Ras Bob, named after underwater cameraman Bob Johnson, is a nice local Sharm el Sheikh dive site with sheltered conditions. A shallow dive with many small bays, caves and gullies, Ras Bob is an excellent dive for beginner and experienced divers alike. The sandy bottom is the perfect home for Blue-spotted stingrays and crocodile fish.
Declared a national park in 1993, Ras Mohamed is one of the best-protected reefs in Egypt. It is situated at the southern tip of the Sinai Peninsula and has steep coral wall that drops off to 1000 meters deep, attracting larger fish and turtles. Dive sites Shark Reef and Jolanda are one rock formation that splits into two pinnacles at about 26 meters deep. Dives usually start at the eastern pinnacles, known as Shark Reef, and make their way to Jolanda pinnacle with the current. Named after a freighter ship that sunk in 1980, Jolanda is a shallower site that is now littered with the ship’s cargo of bathroom supplies. Offering a unique photo opportunity and a reason for giggles, Jolanda is one of the few places in the world where divers get to explore toilet bowls for marine life.

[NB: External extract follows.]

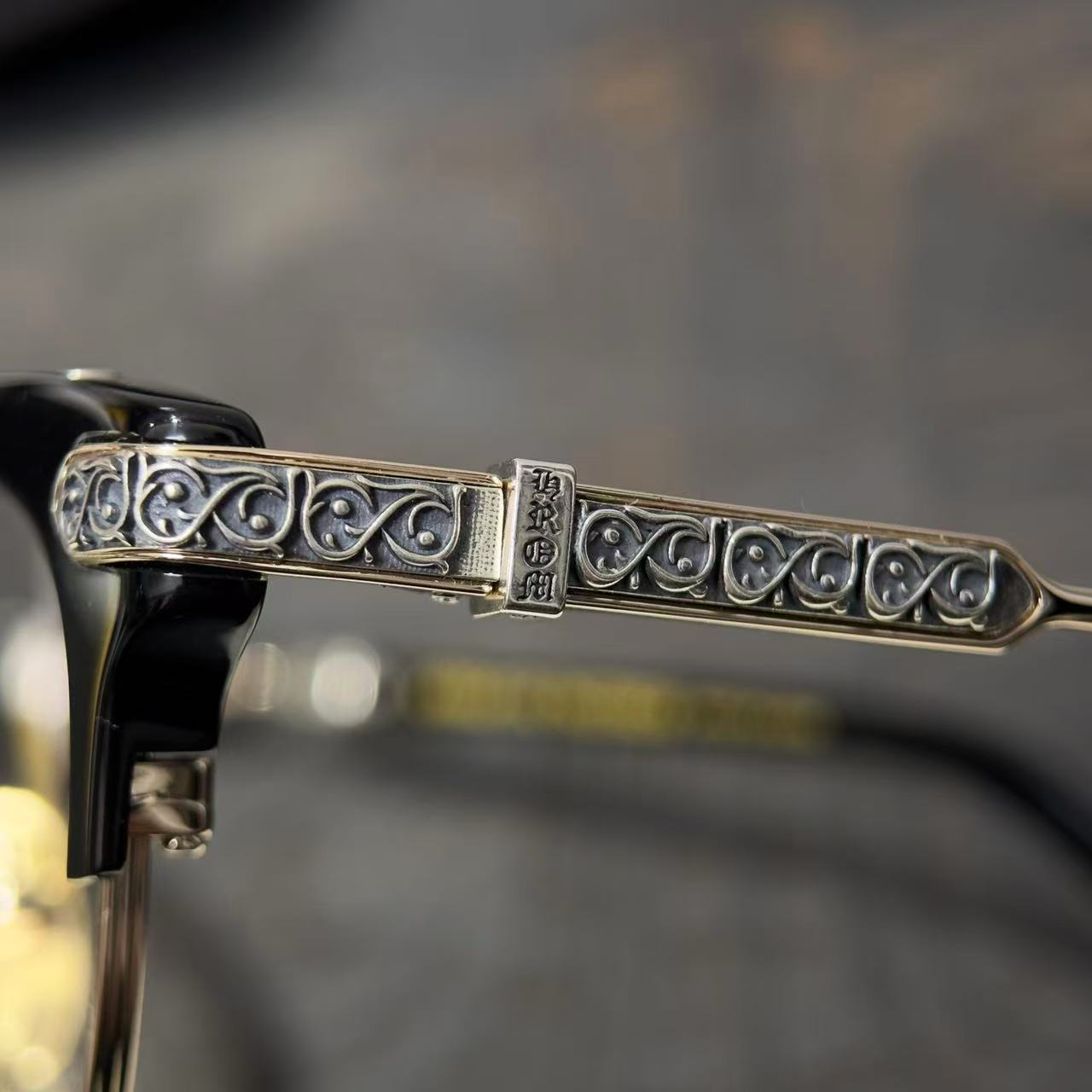 Chrome Hearts BONENNOISSEUR II spectacles featuring a black and brushed silver design.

Jackson Reef, situated in the Strait of Tiran, is Sharm el Sheik’s most thrilling drift dive. The fast current takes divers past a coral-covered wall that is home to numerous schooling fish. In the months of August to October, scalloped hammerheads frequent the waters here.

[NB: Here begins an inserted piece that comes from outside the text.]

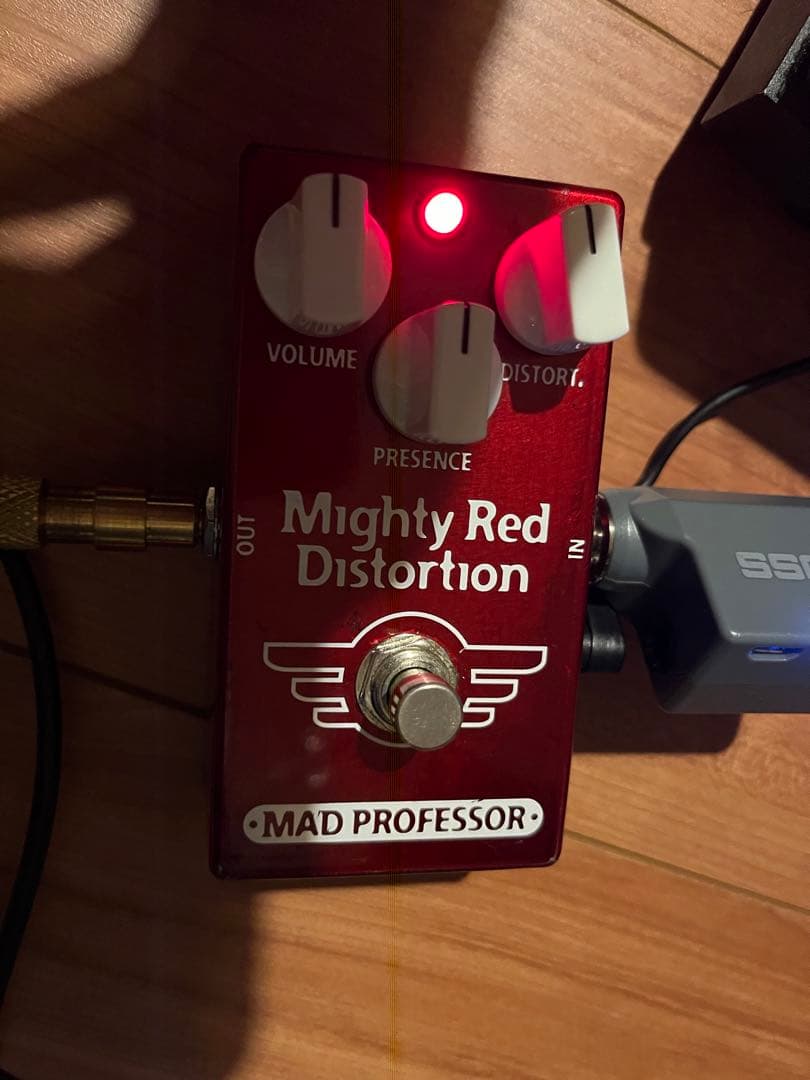 ギター Mighty Red Distortion / Mad Professor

The Thistlegorm is listed on many divers’ to-dive list. This steam ship, carrying supplies during World War II, was sunk by German bomber planes in 1941 and has been at the bottom of the ocean for over 70 years. Frozen in time, this broken ship is now one of the world’s most famous wreck dives. Diving the Thistlegorm feels like swimming through a history museum, with Bedford trucks, motorbikes, rifles, ammunition, and even a locomotive all left in place. The Thistlegorm is an advanced dive, due to a maximum depth of 32 meters and strong currents sometimes.